The Body Shop has revamped one of its busiest flagship locations to a new format that harkens back to its pioneering eco-friendly roots and activist spirit.

The store, on Bond St. in central London, has been redone to include features that promote sustainability and encourage activism on the part of customers. It now includes a water station where shoppers can refill their bottles and a product refill station. In addition, shoppers who return empty bottles and containers (from any brand) can earn a Body Shop voucher for every five returned.

Additional features include a dedicated “activism corner” where customers can learn about The Body Shop’s roots and its long history of social activism campaigns. A screen on the wall provides information about the latest campaigns and how customers can get involved.

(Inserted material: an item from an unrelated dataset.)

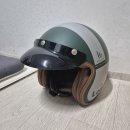 르망안경 | MT 헬멧 르망 02 클래식 오픈페이스 헬멧 내돈내산 후기: 가성비와 레트로 감성을 다 잡았다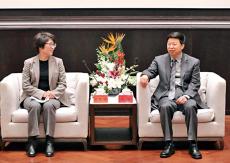 臺(tái)番荔枝恢復(fù)輸入大陸 宋濤：臺(tái)基層民眾受惠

In keeping with the brand’s green ethos, the renovation was done primarily with materials rescued from landfills and other green materials such as reclaimed steel and recycled wood and plastic.  The façade is outfitted with zinc cladding,   which requires less energy for production than other metals and is produced from recycled materials.

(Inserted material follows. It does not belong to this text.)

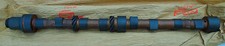 Nos Continental Engine Camshaft P/n Ed4001-302 Fits Massey Harris Mh 33 & 333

Founded in 1976, The Body Shop was one of the first chain retailers to ban the use of ingredients tested on animals and one of the first to promote fair trade with developing countries. It operates some 3,000 stores in more than 60 countries. Founder Anita Roddick, who died in 2007, was a pioneering social activist in the retail community. In 2006, the brand was sold to beauty giant L’Oreal. In 2017, L’Oreal sold The Body Shop to Brazilian cosmetics company Natura. At the time, L'Oreal chairman and CEO Jean-Paul Agon said Natura was "the best new owner we could imagine to nurture the brand DNA around naturality and ethics.”